The United States is delaying a planned increase of tariffs on more than USD 200 billion in Chinese exports after "substantial progress" made in trade talks, President Donald Trump said.
Trump also said he planned to hold a summit with Chinese President Xi Jinping at his Florida estate Mar-a-Lago to ink a deal.
"I am pleased to report that the US has made substantial progress in our trade talks with China on important structural issues including intellectual property protection, technology transfer, agriculture, services, currency, and many other issues," Trump wrote on Twitter.
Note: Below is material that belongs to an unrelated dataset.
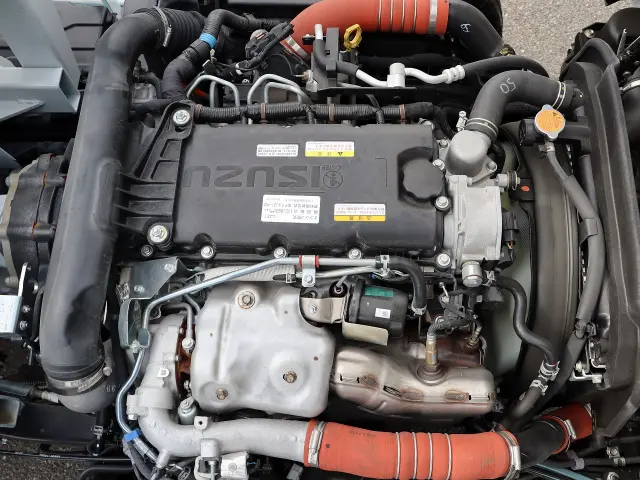 いすゞ エルフ 2RG-NKR88M(2WD)の写真30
"As a result of these very productive talks, I will be delaying the US increase in tariffs now scheduled for March 1. Assuming both sides make additional progress, we will be planning a summit for President Xi and myself, at Mar-a-Lago, to conclude an agreement. A very good weekend for US & China!"
Trump had already expressed optimism about the negotiations Friday after meeting with China's vice premier Liu He. The talks concluded Sunday. Xi also struck a positive tone in a letter Liu delivered to Trump, saying he hoped the negotiations would be held in a "win-win" spirit that would lead to a mutually beneficial agreement.
The Chinese president expressed hope that the talks maintain "a mutually respectful, cooperative and win-win attitude" and lead to a "mutually beneficial" agreement.
Trump said Friday that an agreement on currency manipulation will be included in the trade pact, but otherwise few details have been made public. The seven-month-old trade war has rattled global markets and prompted stark warnings about the risks to the world economy.
Analysts say the two sides are likely to trumpet mutual agreements to resolve the easier parts of the trade dispute -- increasing purchases of American goods, more open investment in China and tougher protections for intellectual property and proprietary technology.
The harder parts covering issues such as scaling back China's ambitious industrial strategy for global preeminence, meanwhile, are another question.